On 02.12.2013 23:29, Paul Heinlein wrote:
I've a the following happen a couple times now, and my internet searches are failing to locate an answer to the problem.
We've got a few servers that primarily house VMs using KVM. They've got E-3 cpus and 32 GB RAM, and they run stock CentOS 6.4, fully patched (not yet migrated to 6.5). The VM disk images are housed on an NFS server. None of the VMs is particularly resource-hungry. They run a variety of Linux distros: CentOS 5/6, Debian 6/7.

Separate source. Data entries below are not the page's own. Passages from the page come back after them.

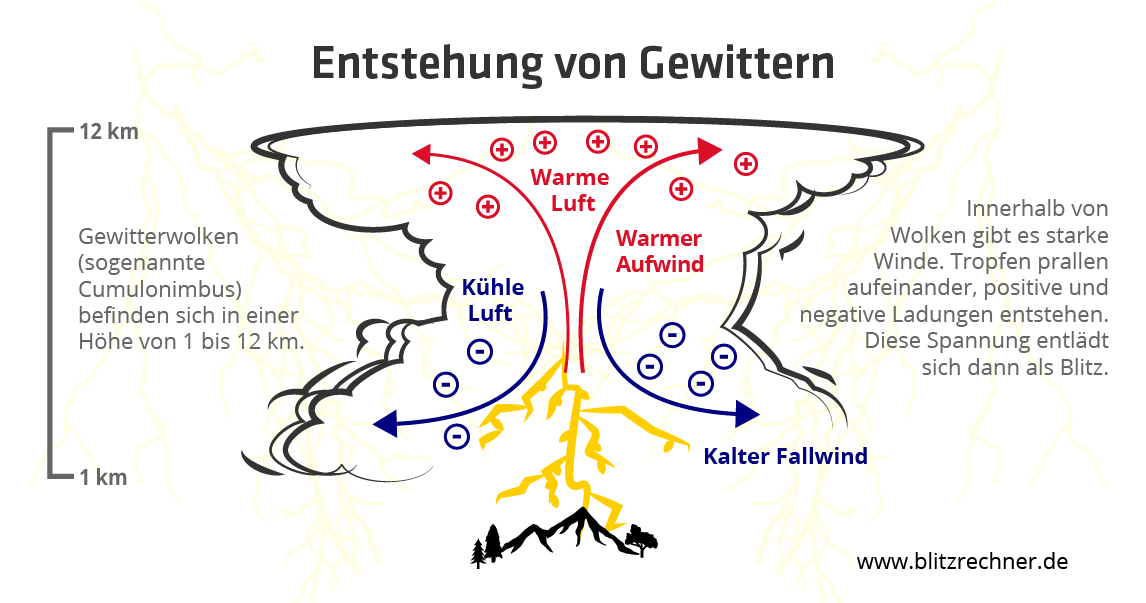 Wie Alt Wird Eine Tanne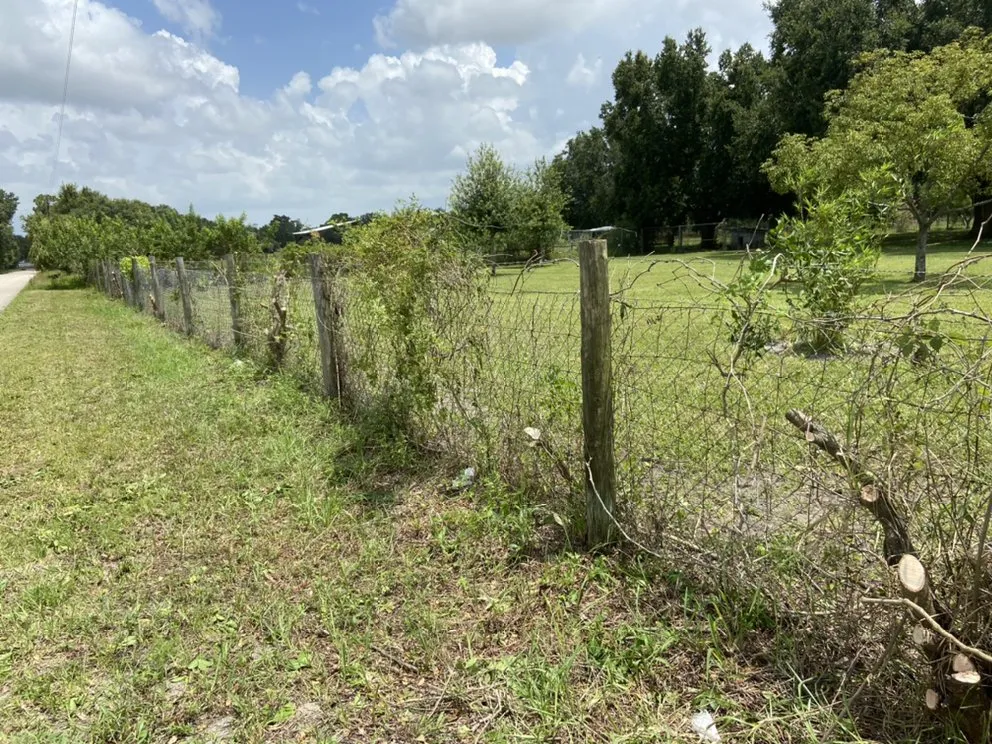 Expert landscaping services near you in Wimauma, FL by AER Lawn Maintenance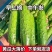 [新鲜推荐]水果黄瓜湖北黄瓜大量上市对接各大市场商超电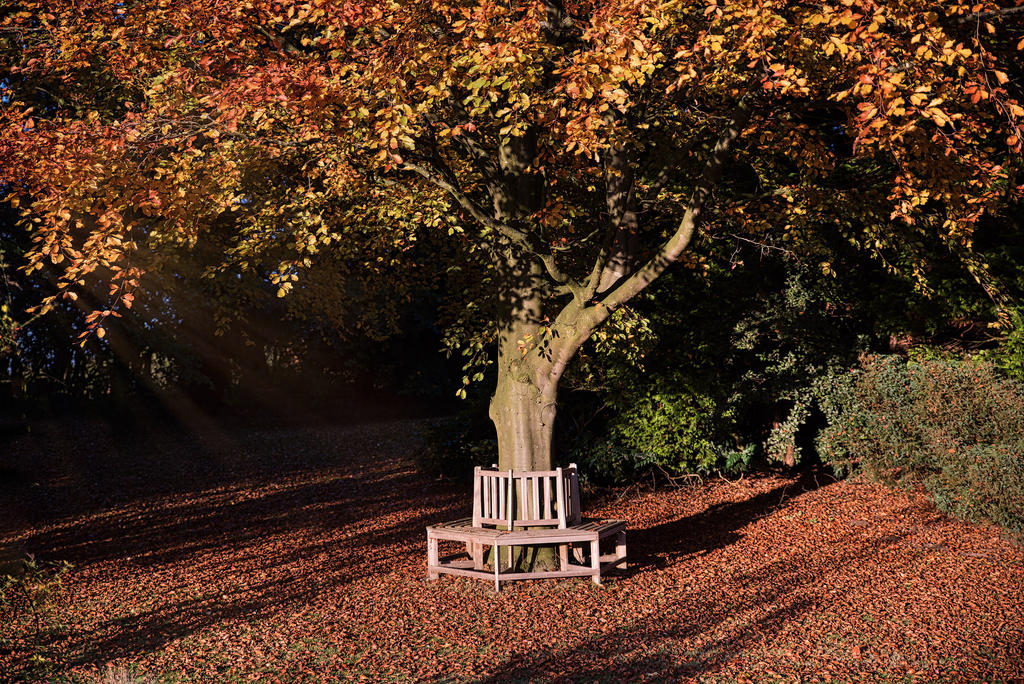 Autumn-Evening.jpg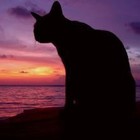 Picture for song 'Timmy Techno-The Alleycat Life' by artist 'Timmy Techno'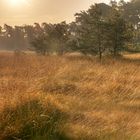 Herbstlicher Morgen am Niederrhein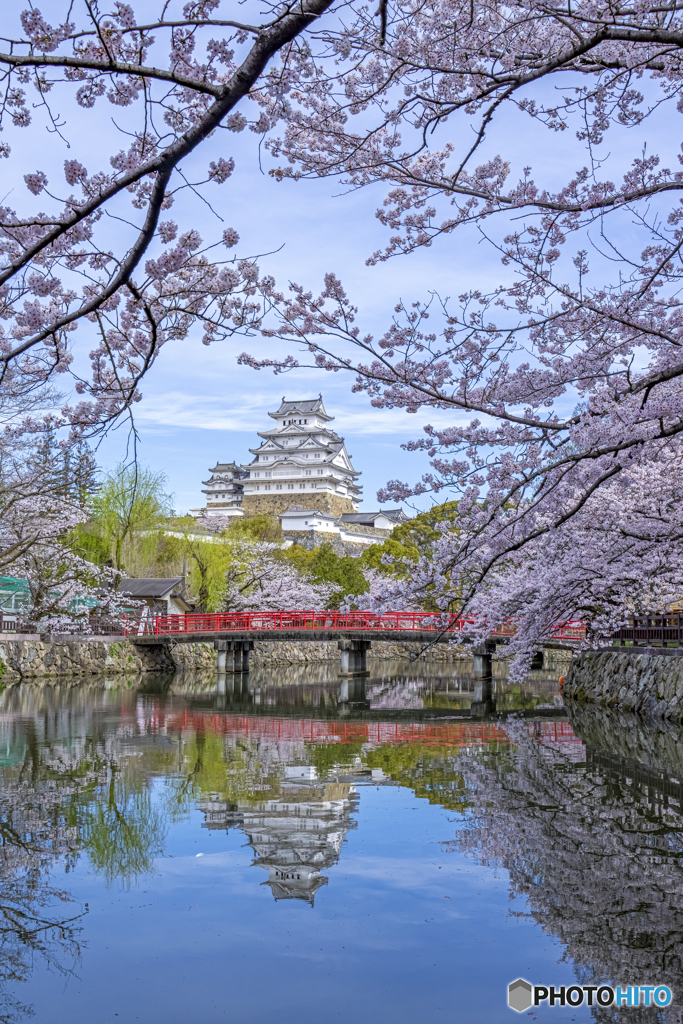 姫路城と桜①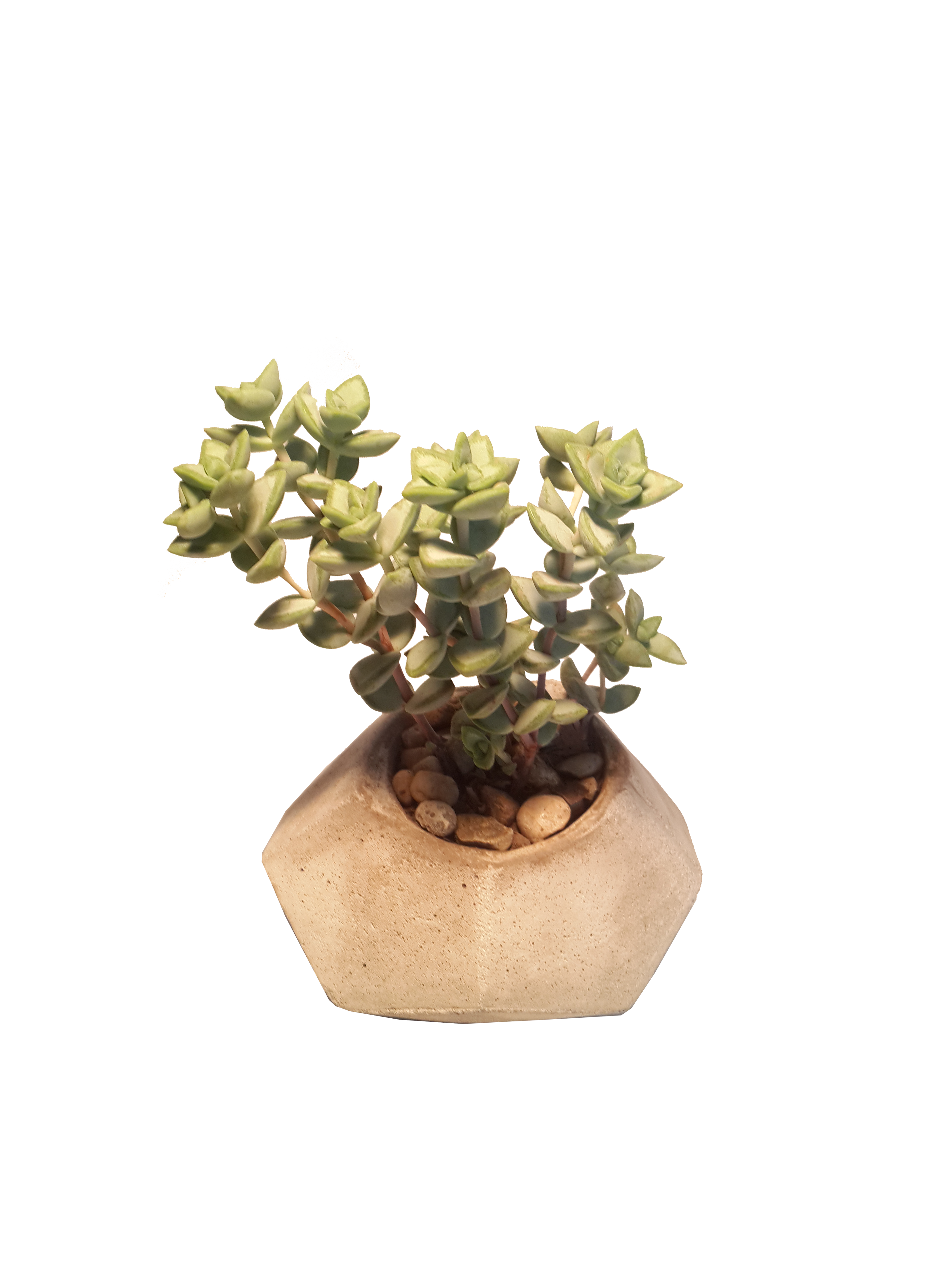 MACETA DIHEDRAL Modelo 1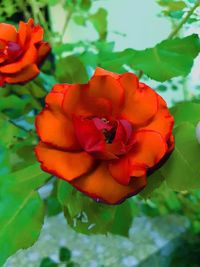 Close-up of red flower blooming outdoors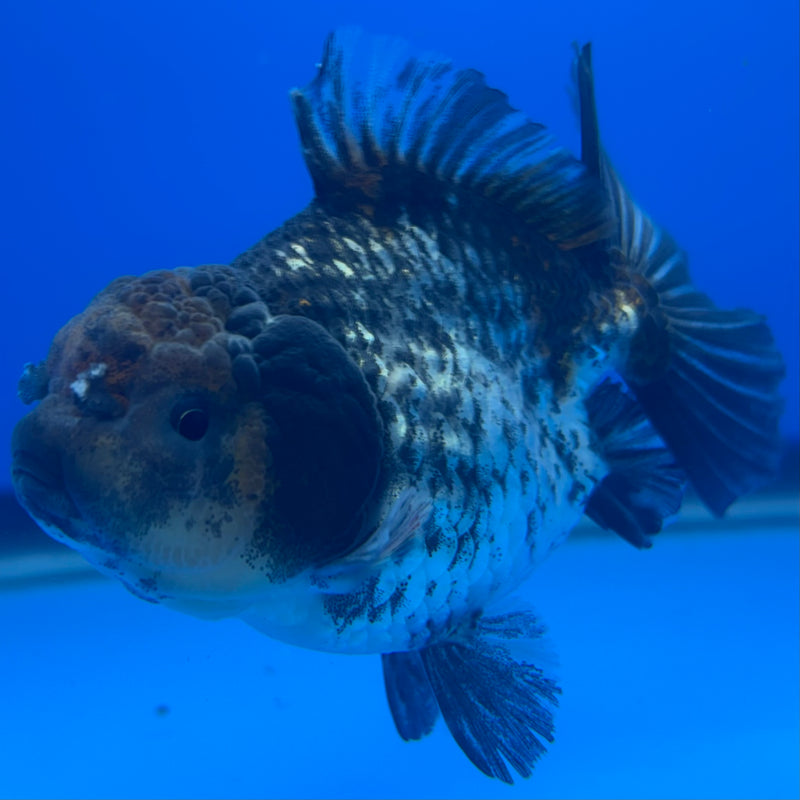 Thai Oranda SHOGUN 2.5” Body Male(CK-797)R1B04
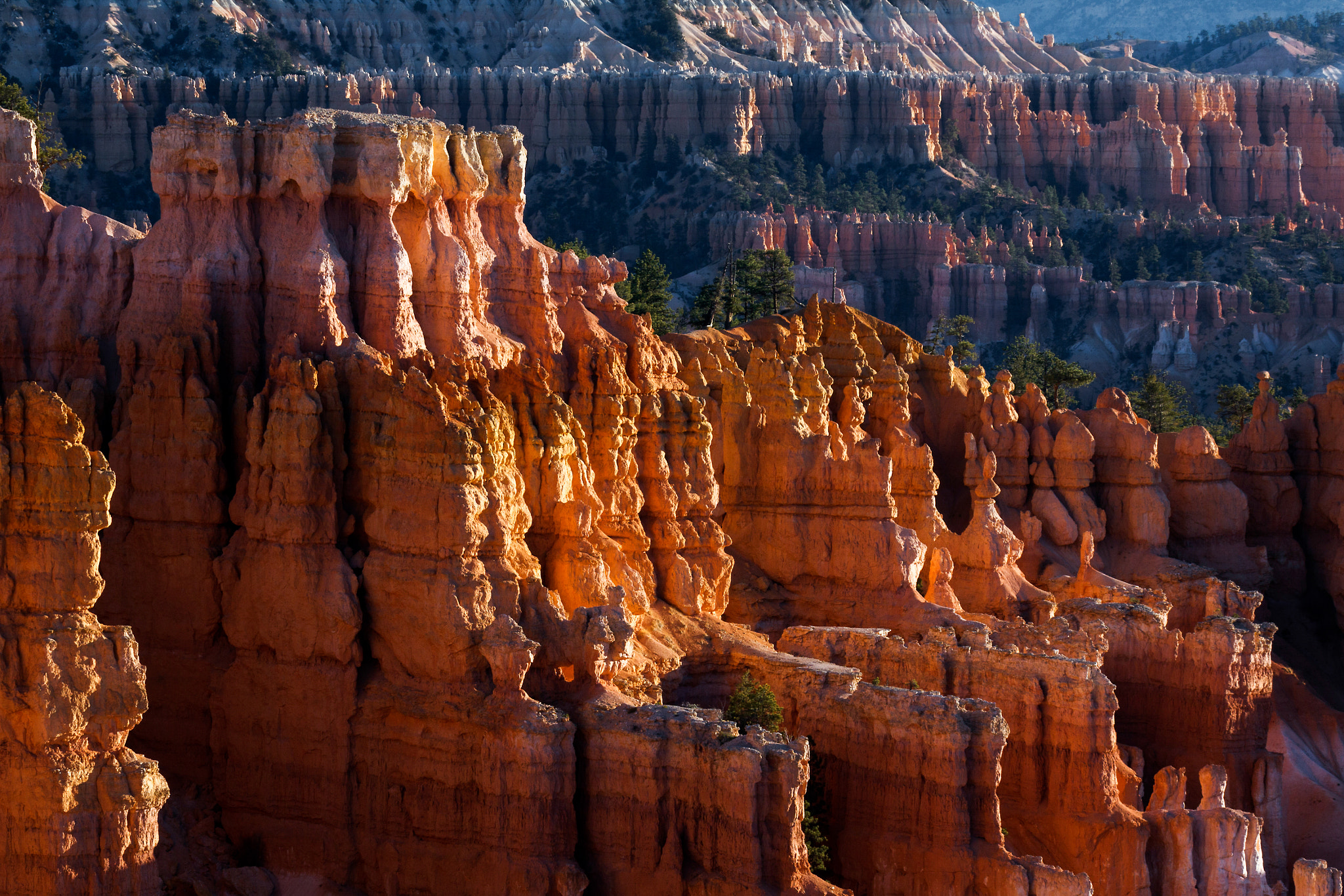 Canon EF 100-400mm F4.5-5.6L IS USM sample photo. Sun kissed hoodoos and pine trees in bryce canyon photography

I'll start to see the VMs fail to write files to their local filesytems. No machine in the chain has rebooted or been updated in any significant way, but the root filesystem is off-limits. (This will happen on just one of our servers; the other VM platforms run without issue.)
In /var/log/messages, I'll see the following entry for each impacted VM:
<date> <host> kernel: kvm: <pid>: cpu0 disabled perfctr wrmsr: 0xc1 data 0xabcd
In /var/log/libvirt/qemu/<vm-name>.log, I'll see
block I/O error in device 'drive-virtio-disk0': Stale file handle (116)
Oddly, the underlying host might be running, say, five VMs, but only four of them will get the log messages, and show the read-only symptoms, while the fifth just keeps chugging along.
I think CentOS ext4 filesystems do remount read-only in cases where the underlying device has problems; if in your case your network has any timeouts or is maxed-out then it could explain the problem. To ignore this might prolly be unwise, but it can be done by specifying errors=continue in /etc/fstab. I would do some network/throughput tests between your hosts though, check that all drives are fine, that have available space etc. Also check the logs, dmesg and so on.